───── INPUT DATA
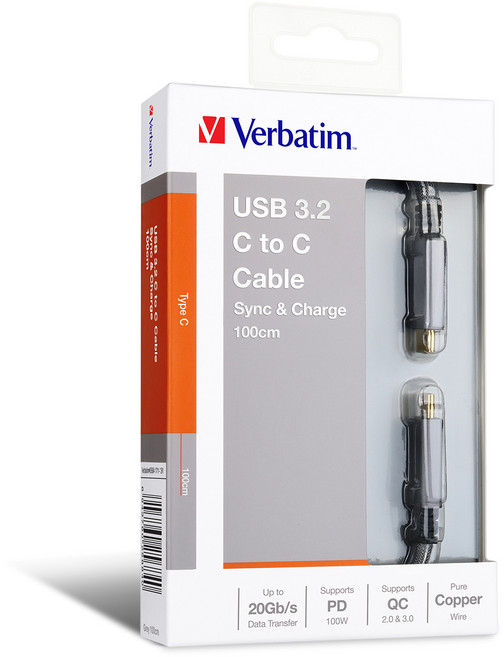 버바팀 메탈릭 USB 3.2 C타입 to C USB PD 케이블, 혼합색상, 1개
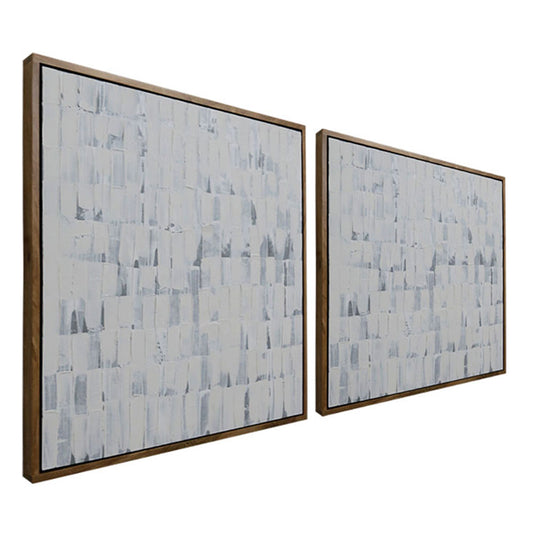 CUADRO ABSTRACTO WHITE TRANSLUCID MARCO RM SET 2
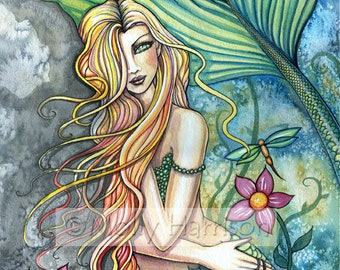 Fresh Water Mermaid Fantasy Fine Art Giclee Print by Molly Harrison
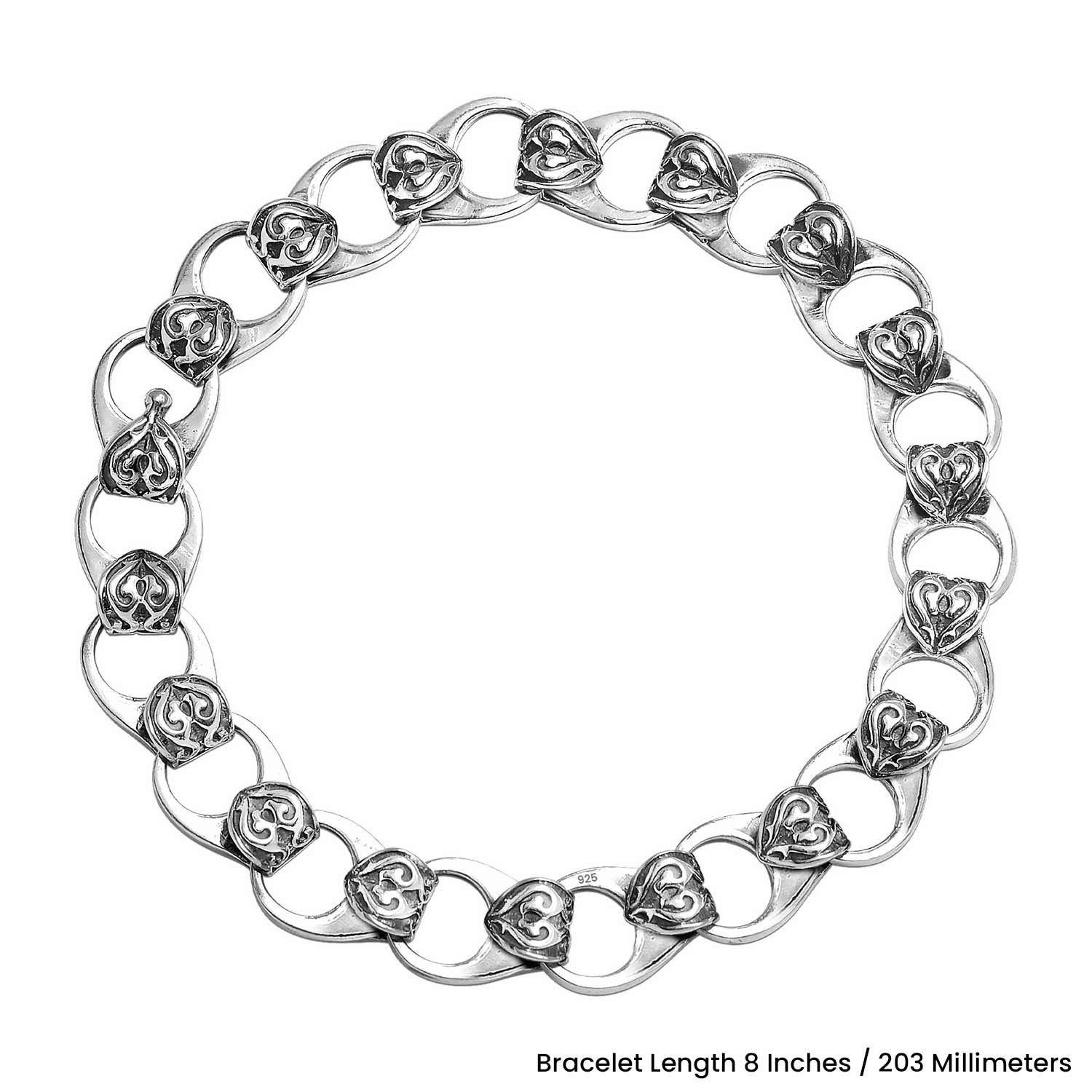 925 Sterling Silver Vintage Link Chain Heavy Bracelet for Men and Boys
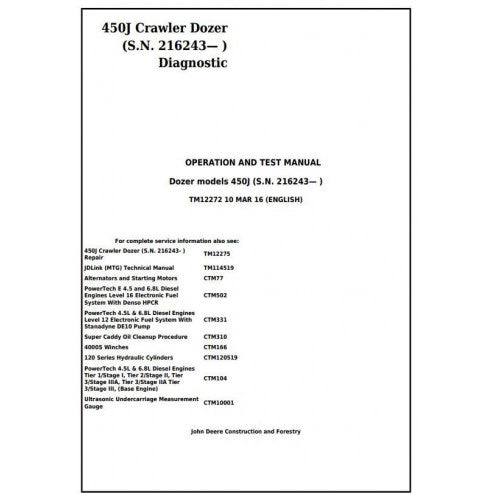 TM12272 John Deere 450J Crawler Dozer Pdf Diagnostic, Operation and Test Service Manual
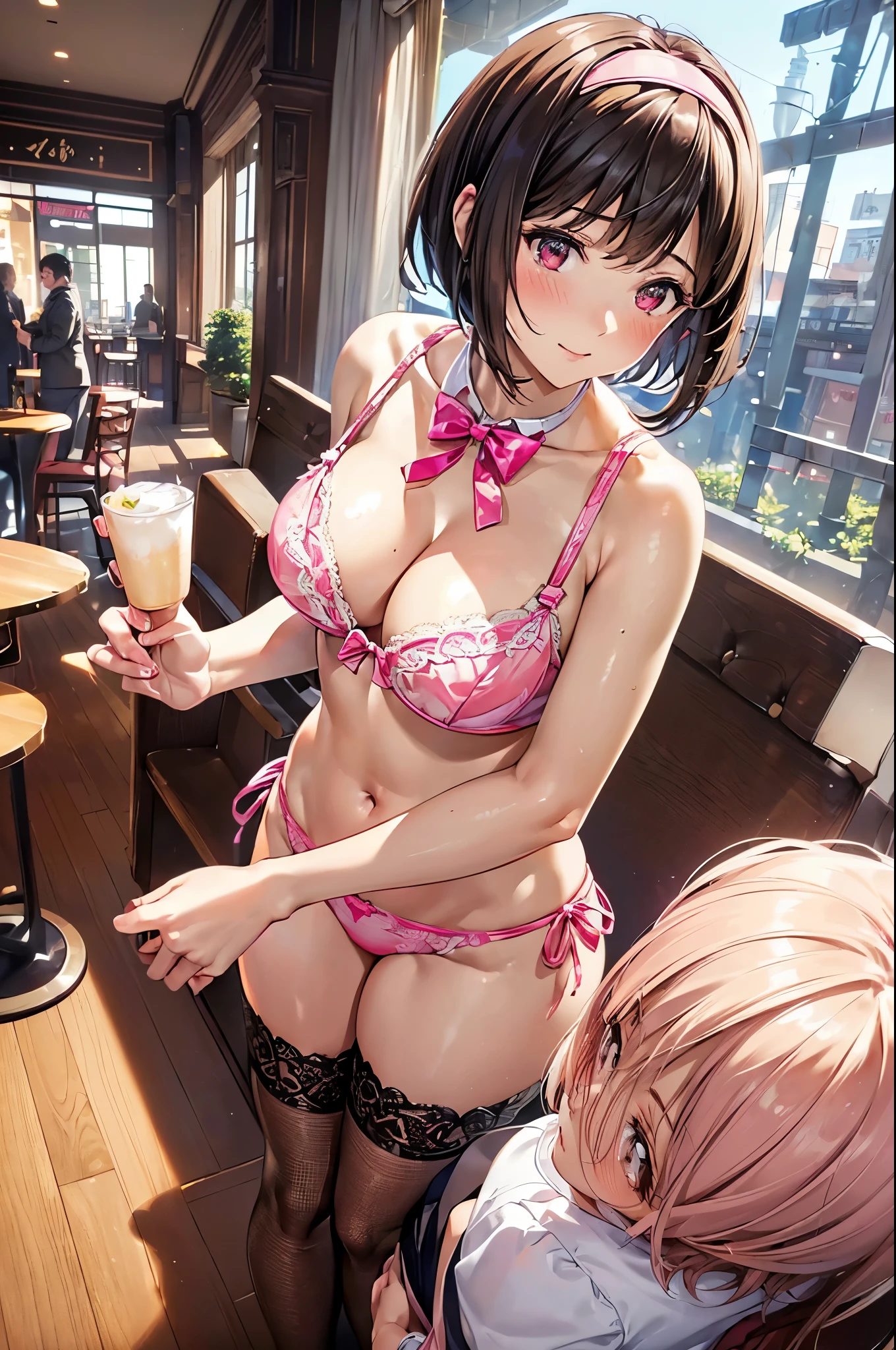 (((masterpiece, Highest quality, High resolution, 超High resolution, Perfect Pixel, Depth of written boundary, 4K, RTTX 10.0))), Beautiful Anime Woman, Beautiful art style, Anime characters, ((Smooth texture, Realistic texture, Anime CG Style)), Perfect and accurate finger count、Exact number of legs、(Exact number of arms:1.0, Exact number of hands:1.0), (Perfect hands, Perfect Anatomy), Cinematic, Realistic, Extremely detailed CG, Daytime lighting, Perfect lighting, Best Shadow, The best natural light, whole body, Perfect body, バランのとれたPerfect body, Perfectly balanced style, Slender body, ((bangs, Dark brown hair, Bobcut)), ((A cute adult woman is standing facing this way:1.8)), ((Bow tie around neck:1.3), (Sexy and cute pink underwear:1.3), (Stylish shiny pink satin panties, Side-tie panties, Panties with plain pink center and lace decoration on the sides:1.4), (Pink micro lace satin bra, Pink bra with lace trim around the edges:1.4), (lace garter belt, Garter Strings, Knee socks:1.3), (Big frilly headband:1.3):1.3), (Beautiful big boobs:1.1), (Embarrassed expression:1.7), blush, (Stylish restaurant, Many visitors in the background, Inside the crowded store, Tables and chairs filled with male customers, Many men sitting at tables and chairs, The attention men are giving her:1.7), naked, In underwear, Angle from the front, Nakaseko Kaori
──────────
───── INPUT DATA
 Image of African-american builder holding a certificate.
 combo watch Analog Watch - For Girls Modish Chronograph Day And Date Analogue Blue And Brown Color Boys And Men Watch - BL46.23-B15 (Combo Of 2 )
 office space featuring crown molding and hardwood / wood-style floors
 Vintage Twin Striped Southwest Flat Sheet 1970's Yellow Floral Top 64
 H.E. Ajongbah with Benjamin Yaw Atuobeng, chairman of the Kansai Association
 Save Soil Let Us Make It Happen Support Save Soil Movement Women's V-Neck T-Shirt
──────────
───── INPUT DATA
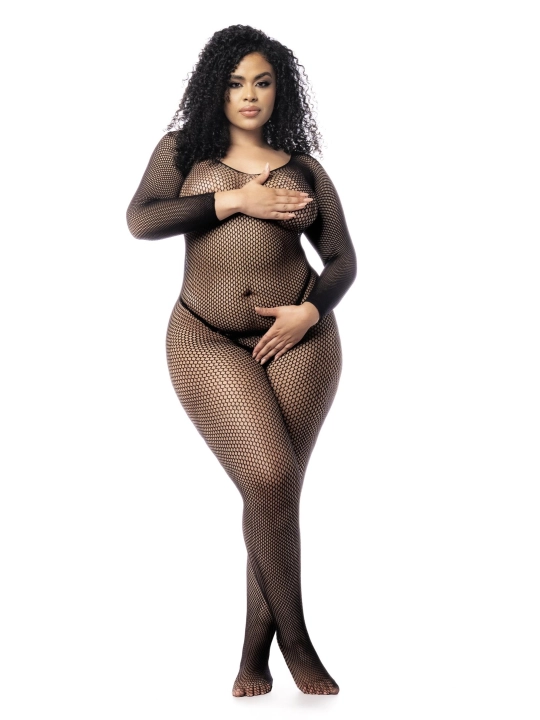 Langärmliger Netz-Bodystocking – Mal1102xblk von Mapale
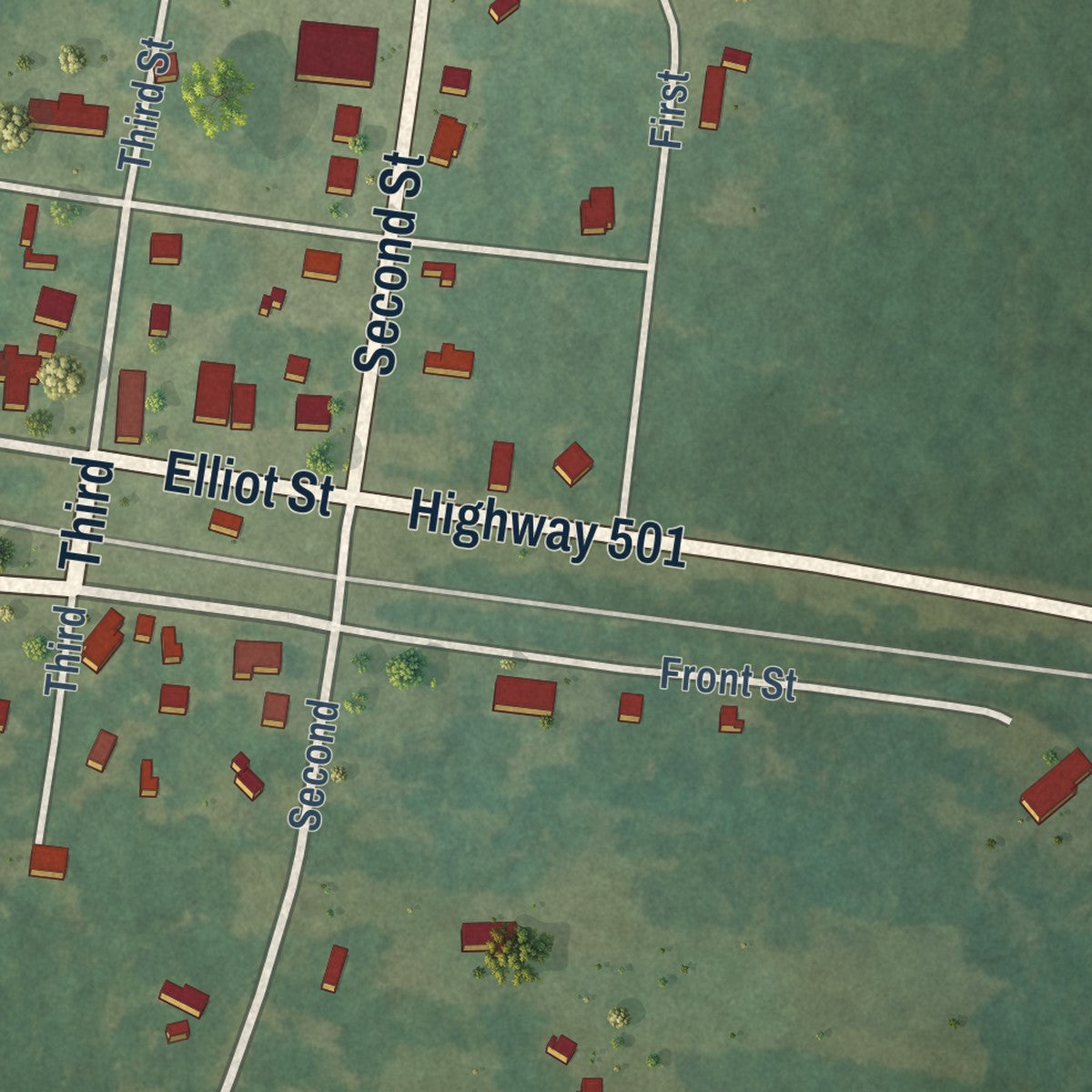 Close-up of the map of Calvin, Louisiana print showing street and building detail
──────────
:: WHAT IS NEEDED ::
The expected answer is an exact copy of the lines above, beginning at the line with "combo watch Analog" and ending at the line with "Save Soil Let", with both ends in.

:: ANSWER BOX ::
 combo watch Analog Watch - For Girls Modish Chronograph Day And Date Analogue Blue And Brown Color Boys And Men Watch - BL46.23-B15 (Combo Of 2 )
 office space featuring crown molding and hardwood / wood-style floors
 Vintage Twin Striped Southwest Flat Sheet 1970's Yellow Floral Top 64
 H.E. Ajongbah with Benjamin Yaw Atuobeng, chairman of the Kansai Association
 Save Soil Let Us Make It Happen Support Save Soil Movement Women's V-Neck T-Shirt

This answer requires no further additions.